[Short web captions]
↓↓↓
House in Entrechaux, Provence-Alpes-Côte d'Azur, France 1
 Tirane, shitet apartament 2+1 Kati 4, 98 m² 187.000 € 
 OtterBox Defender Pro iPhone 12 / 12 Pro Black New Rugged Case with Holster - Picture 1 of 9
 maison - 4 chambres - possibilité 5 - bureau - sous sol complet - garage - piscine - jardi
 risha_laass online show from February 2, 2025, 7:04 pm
↑↑↑
Write the "Tirane, shitet apartament" line and all later lines exactly. Stop at the end of the data.

 Tirane, shitet apartament 2+1 Kati 4, 98 m² 187.000 € 
 OtterBox Defender Pro iPhone 12 / 12 Pro Black New Rugged Case with Holster - Picture 1 of 9
 maison - 4 chambres - possibilité 5 - bureau - sous sol complet - garage - piscine - jardi
 risha_laass online show from February 2, 2025, 7:04 pm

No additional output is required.